La reinvención del aragonesismo: una revisión aragonesista de Costa
“Costa fue un nacionalista. Traspasó los linderos de un regionalismo tímido; fue un nacionalista aragonés y sus doctrinas y sus ideas, aun viviendo en un ambiente raquítico como el de entonces, lo demuestran así …” (El Ebro, núm. 8 ,de 20-5-1919).
Entre el foralismo precursor del regionalismo aragonés propio del neorromanticismo del siglo XIX y el nacionalismo endémico y “feble” del siglo XX, falta un nexo de causalidad, un eslabón que explique el tránsito de un estadio ideológico a otro. Vasconia tuvo su Arana; Cataluña a Almirall y Prat de la Riba; Aragón a Costa. El aragonesismo tuvo un “antes“ y un “después” de Costa: el nacionalismo aragonés, impregnado ya de costismo, no sería el mismo de unas décadas antes. Desde luego, Costa no fue un nacionalista aragonés, pero sí un ferviente aragonesista. Antonio Peiró y Vicente Pinilla descartaban su filiación aragonesista (Nacionalismo y Regionalismo en Aragón (1868-1942), Premio Joaquín Costa 1981, Unali-Ensayo), atribuyendo una lectura interesada y manipulada a las posteriores corrientes políticas prenacionalistas y, especialmente, a la prensa aragonesista.

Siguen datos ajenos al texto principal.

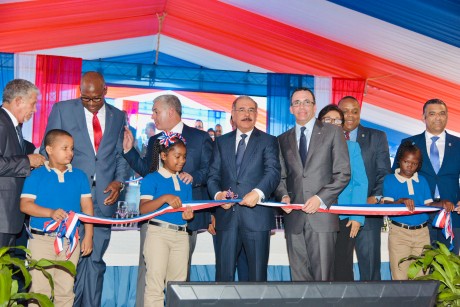  imagen Presidente Danilo Medina junto al Ministro Andr&eacute;s Navarro y dem&aacute;s autoridades educativas de pie cortando cinta dejando inaugurado nuevo plantel escolar en Santo Domingo Este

Tambien Carlos Serrano parece descartar el presunto nacionalismo de Costa, mitificado a través de la prensa y la política, sin negar que su preocupación por Aragón fuera más allá de una reducción sentimental por su tierra, sus leyes y sus costumbres (“Tratamiento, interpretación y mitificación de la figura y la obra de Joaquín Costa a través de la prensa (1911-1936)”, Anales de la Fundación Joaquín Costa, núm. 13, 1996). También Cheyne y Saborit advirtieron el profundo carácter y sentimiento aragonés de Costa, aun sin hacer extrapolaciones o valoraciones ideológicas de esta realidad incuestionable.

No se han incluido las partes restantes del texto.